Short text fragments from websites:

-------------------------

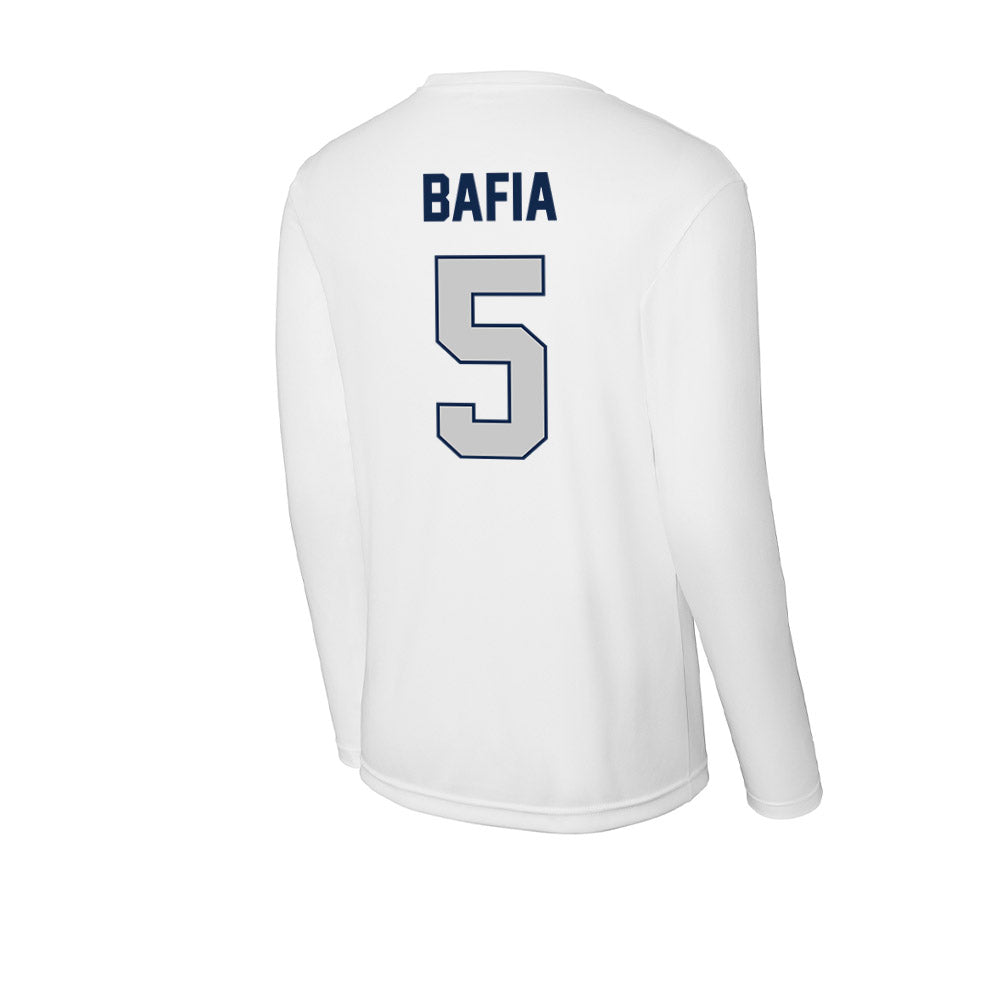 BU - NCAA Football : Nick Bafia - Performance Long Sleeve T-Shirt-1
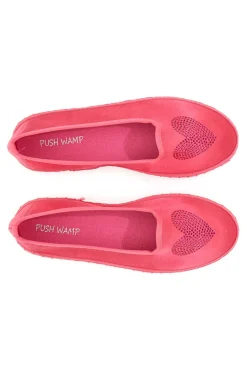 Friulane Fucsia con strass 210862-PUSHY WAMP Hot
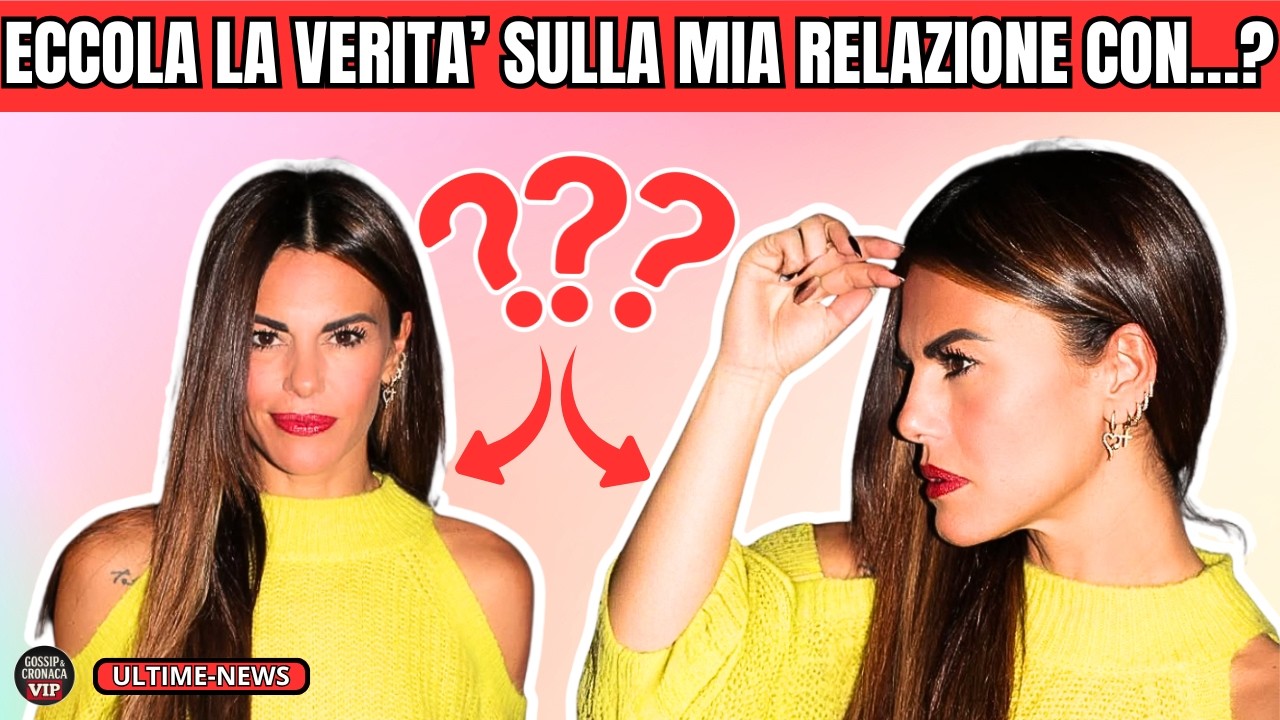 INCREDIBILE BIANCA GUACCERO: QUESTA E’ TUTTA LA VERITÀ SULLA MIA RELAZIONE CON…?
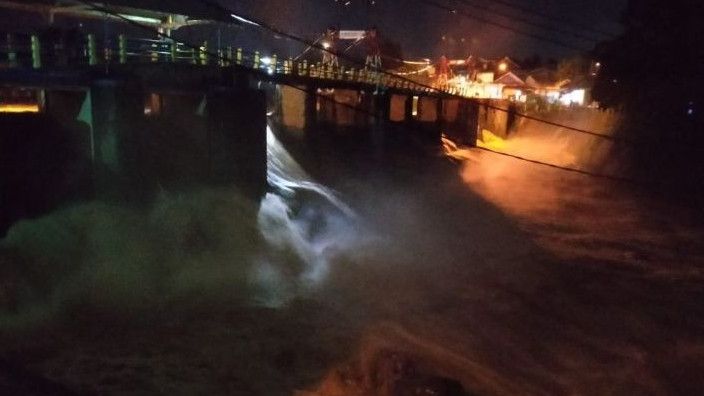 Waspada, Bendung Katulampa Bogor Siaga 3 Banjir Jakarta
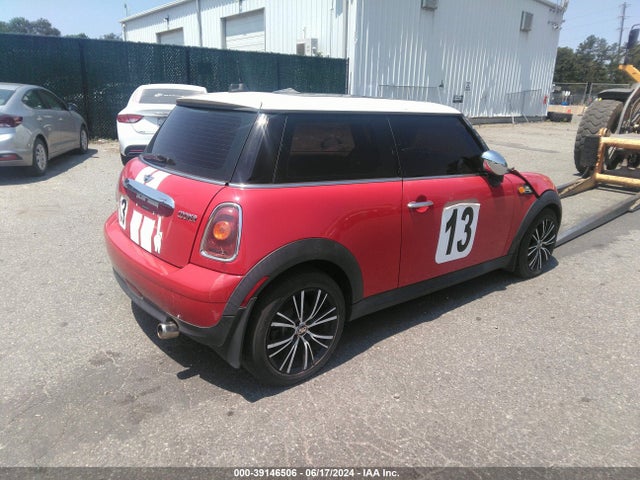 2009 MINI COOPER WMWMF33549TU73403 Photo 3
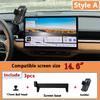 14.6" For Mazda 6e EZ-6 J90A 2024 2025 2026 Car Phone Holder Rotate GPS Navigation Screen Mobile Mount Bracket Stand Accessories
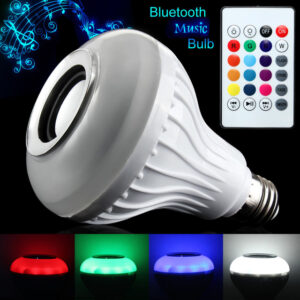 Bluetooth LED RGB Zvučnik Sijalica HIT! - bluetooth sijalica zvučnik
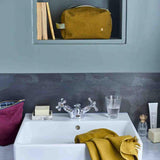 Serviette de toilette Luna Nuts en coton bio - Pigments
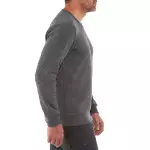 Джемпер походный мужской серый Quechua N150
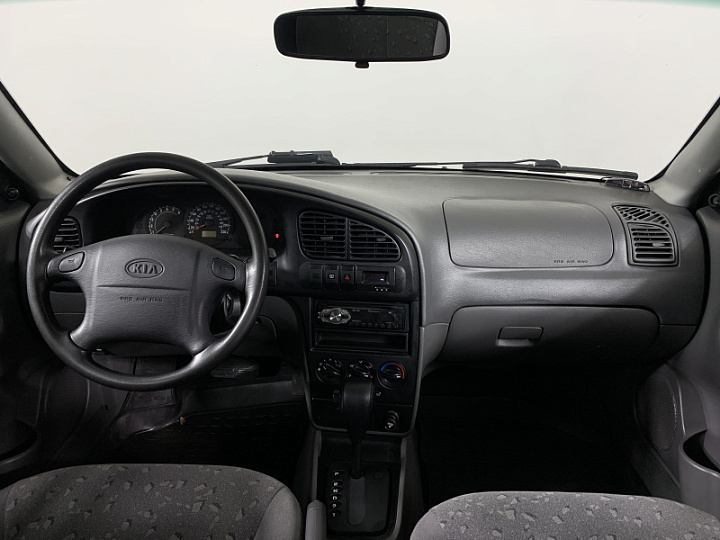 KIA Spectra 1.6, 2008 года, Автоматическая, Золотистый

-------------------------

The data above is to be printed exactly, all of it, except for the pictures.

 BU - NCAA Football : Nick Bafia - Performance Long Sleeve T-Shirt-1
 Friulane Fucsia con strass 210862-PUSHY WAMP Hot
 INCREDIBILE BIANCA GUACCERO: QUESTA E’ TUTTA LA VERITÀ SULLA MIA RELAZIONE CON…?
 Waspada, Bendung Katulampa Bogor Siaga 3 Banjir Jakarta
 2009 MINI COOPER WMWMF33549TU73403 Photo 3
 14.6" For Mazda 6e EZ-6 J90A 2024 2025 2026 Car Phone Holder Rotate GPS Navigation Screen Mobile Mount Bracket Stand Accessories
 Bluetooth LED RGB Zvučnik Sijalica HIT! - bluetooth sijalica zvučnik
 Serviette de toilette Luna Nuts en coton bio - Pigments
 Джемпер походный мужской серый Quechua N150
 KIA Spectra 1.6, 2008 года, Автоматическая, Золотистый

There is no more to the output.